Discours et pensée procèdent confusément dans leur phase de création. L’ordre et la structure les figent.

«  Nos ancêtres avaient de bonnes raisons de créer cet ordre-là et nous avons de bonnes raisons de l’abolir ».

«  Quand on en parle, cela devient plausible, mais quand on y pense, on trouve que c’est faux. Le premier coup d’œil que je jette en esprit sur quelque chose est très important. Notre esprit saisit obscurément la chose par tous ses côtés, ce qui est souvent plus précieux que de la saisir clairement par un seul. »
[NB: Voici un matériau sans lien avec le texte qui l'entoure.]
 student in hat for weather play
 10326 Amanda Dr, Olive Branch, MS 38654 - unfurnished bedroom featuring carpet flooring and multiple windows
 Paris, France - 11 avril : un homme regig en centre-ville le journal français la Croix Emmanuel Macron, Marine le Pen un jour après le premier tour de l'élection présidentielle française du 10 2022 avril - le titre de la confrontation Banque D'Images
Heinrich von Kleist L’élaboration de la pensée par le discours

« …tu réponds que l’on t’a engagé dans ta jeunesse à ne parler que des choses que tu comprends. Mais dans ce cas tu parles avec la prétention d’instruire les autres, et moi je veux que tu parles dans l’intention raisonnable de  t’instruire toi-même : ainsi les deux règles de sagesse, qui s’appliquent à des cas différents, pourraient peut-être subsister l’une à côté de l’autre. Le Français dit que l’appétit vient en mangeant, et ce principe expérimental reste vrai si on le parodie en disant que l’idée vient en parlant…C’est une chose toute différente lorsqu’avant tout discours la pensée est déjà achevée dans l’esprit. Alors l’esprit n’est occupé que d’expression et ce travail, loin de le stimuler, a plutôt pour effet de calmer son excitation.

Confondre et confondre

    …Si donc une idée est exprimée confusément, il n’en résulte pas du tout qu’elle ait été pensée de même : il ne serait pas impossible que les idées les plus confusément exprimées fussent les plus clairement pensées… »
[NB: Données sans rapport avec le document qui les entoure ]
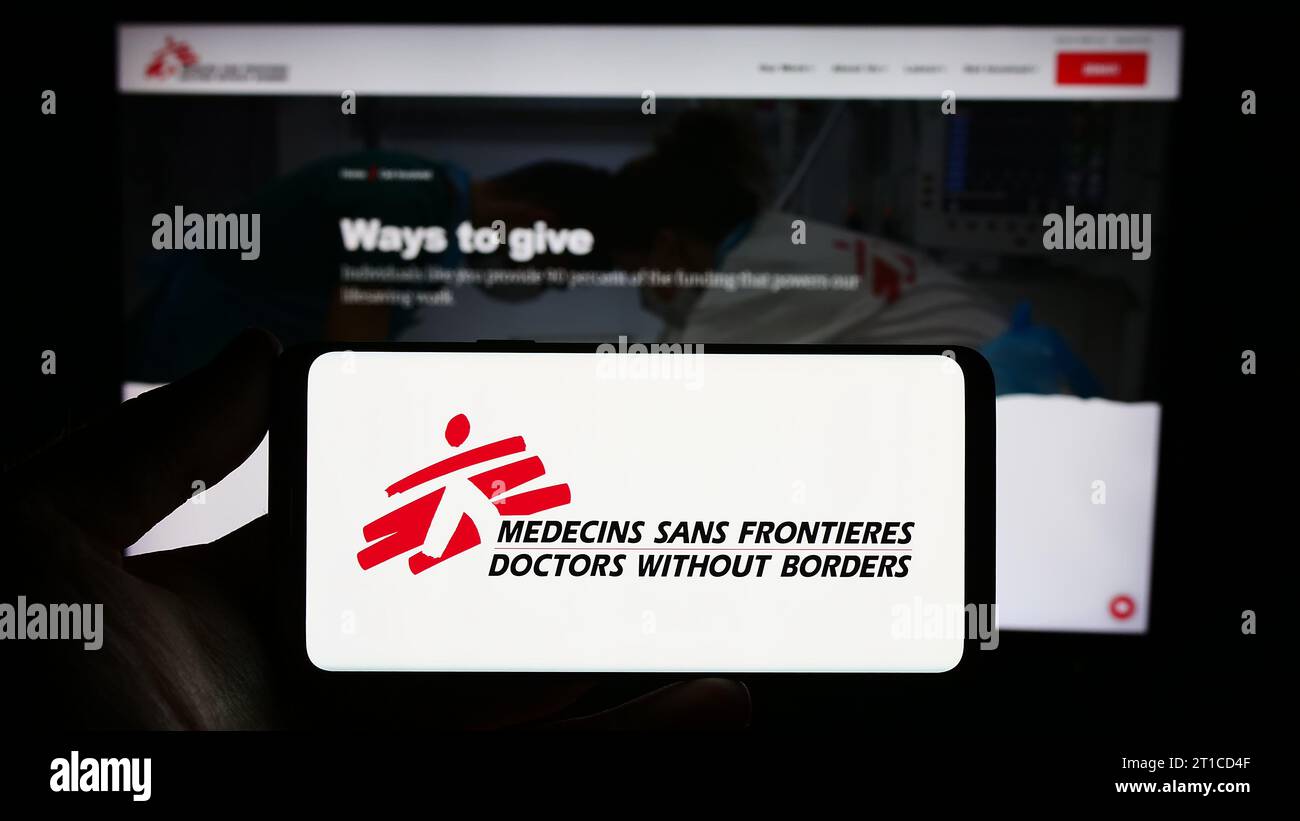 Persona che possiede uno smartphone con il logo dell'organizzazione benefica Doctors Without Borders davanti al sito Web. Concentrarsi sul display del telefono. Foto Stock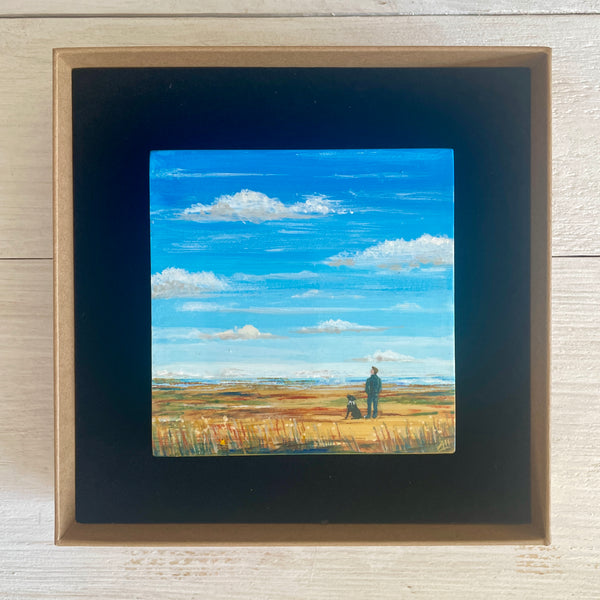 Boxed painting of a man and dog looking up at a big blue sky.
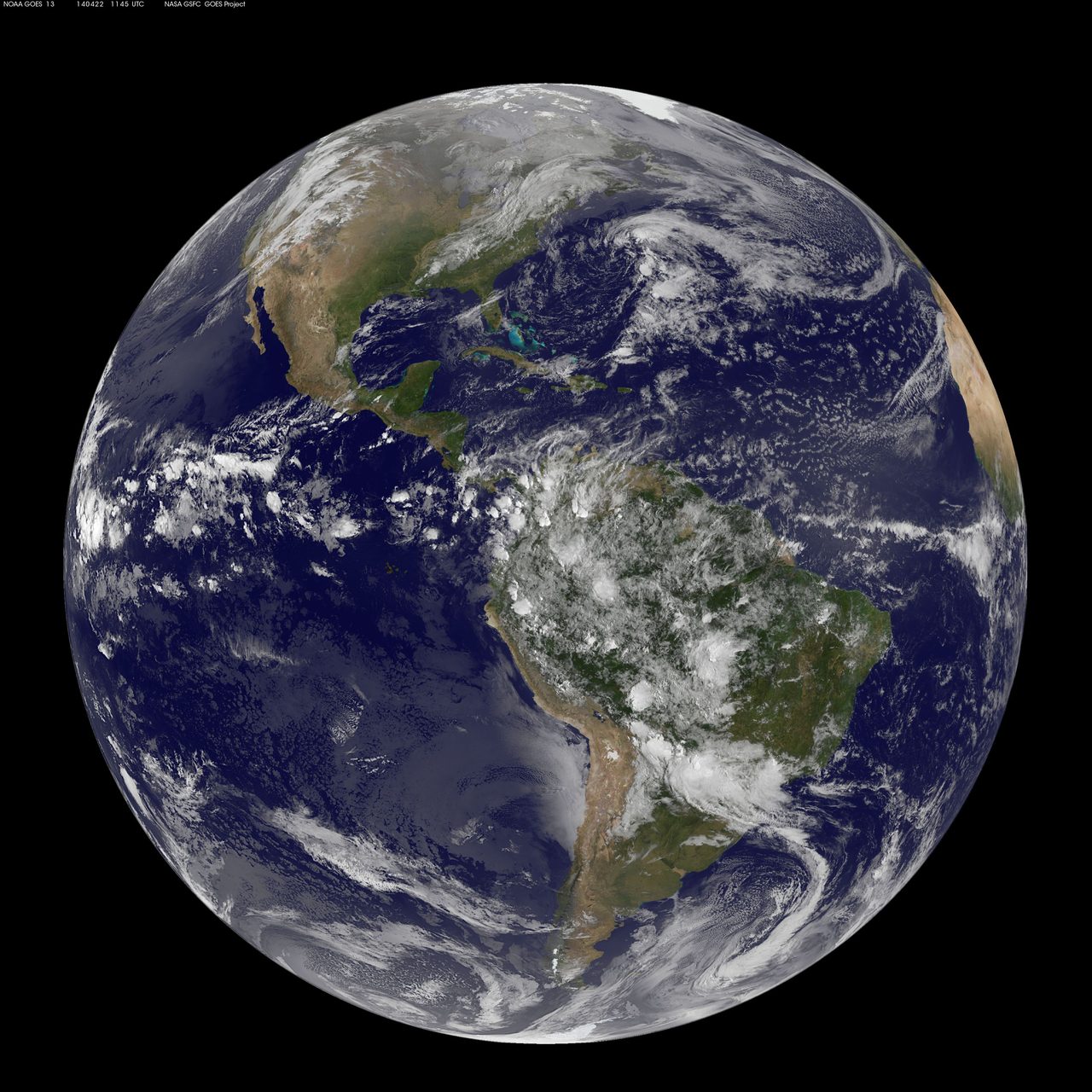 Satellite image showing North and South America with cloud patterns on Earth Day.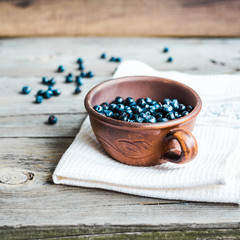Fresh blueberries in pottery on gray wooden background, summer,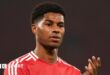 Manchester United forward Marcus Rashford claps fans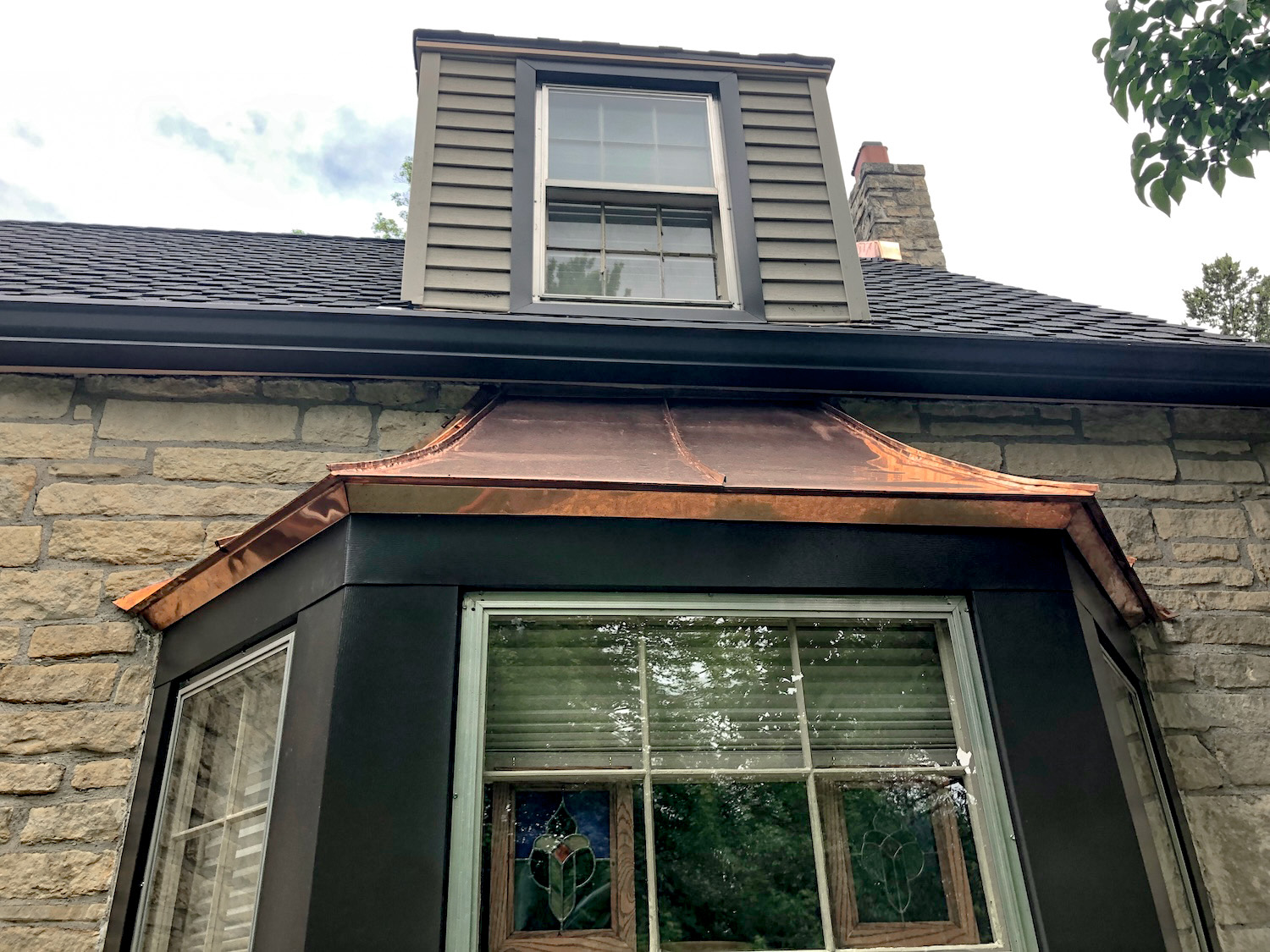 Close-up of a home's bay window, showing off Roof Rite's craftsmanship. The newly installed, patina-free copper pent roof contrasts with the dark metal window trim and stone exterior, adding an elegant architectural detail beneath a dormer window, and presidential shingle roof. The homeowner's stained glass projects hang framed, behind the window.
À mettre en regard du fameux « Ce qui se conçoit bien s’énonce clairement » de Boileau.

La précision qui confond en respectant

Les statistiques, les data et l’intelligence artificielle ratissent tellement large pour mouliner les données qu’il en sort, paraît-il, des résultats indiscutables. Une nouvelle réalité ! Cette nouvelle soupe malaxe tellement tous les ingrédients que les particularités s’y dissolvent dans un goût médiocre qui confond tout. Loin de la perfection artistique du bœuf en gelée qu’évoque Proust : « Le bœuf froid aux carottes fit son apparition, couché par le Michel-Ange de notre cuisine sur d’énormes cristaux de gelée pareils à des blocs de quartz transparent… une daube de bœuf où la gelée ne sente pas la colle, et où le bœuf ait pris parfum des carottes, c’est admirable ! »

L’art de la politique

L’art de la politique devrait être une politique de l’art. Dans le bœuf proustien, chaque ingrédient demeure pleinement lui-même alors qu’il est pris dans la recette et dans la gelée. Il ne disparaît pas dans une purée de goûts donnant une impression médiane et médiocre. L’art de la politique devrait respecter chaque ingrédient dans une recette qui mette en valeur et en harmonie tous les composants. À l’inverse d’un plat dont la précision technique anéantit le goût.

PS

La photo illustre un contre exemple : un discours de Dakar préparé mais totalement confus quant au contenu et aux références.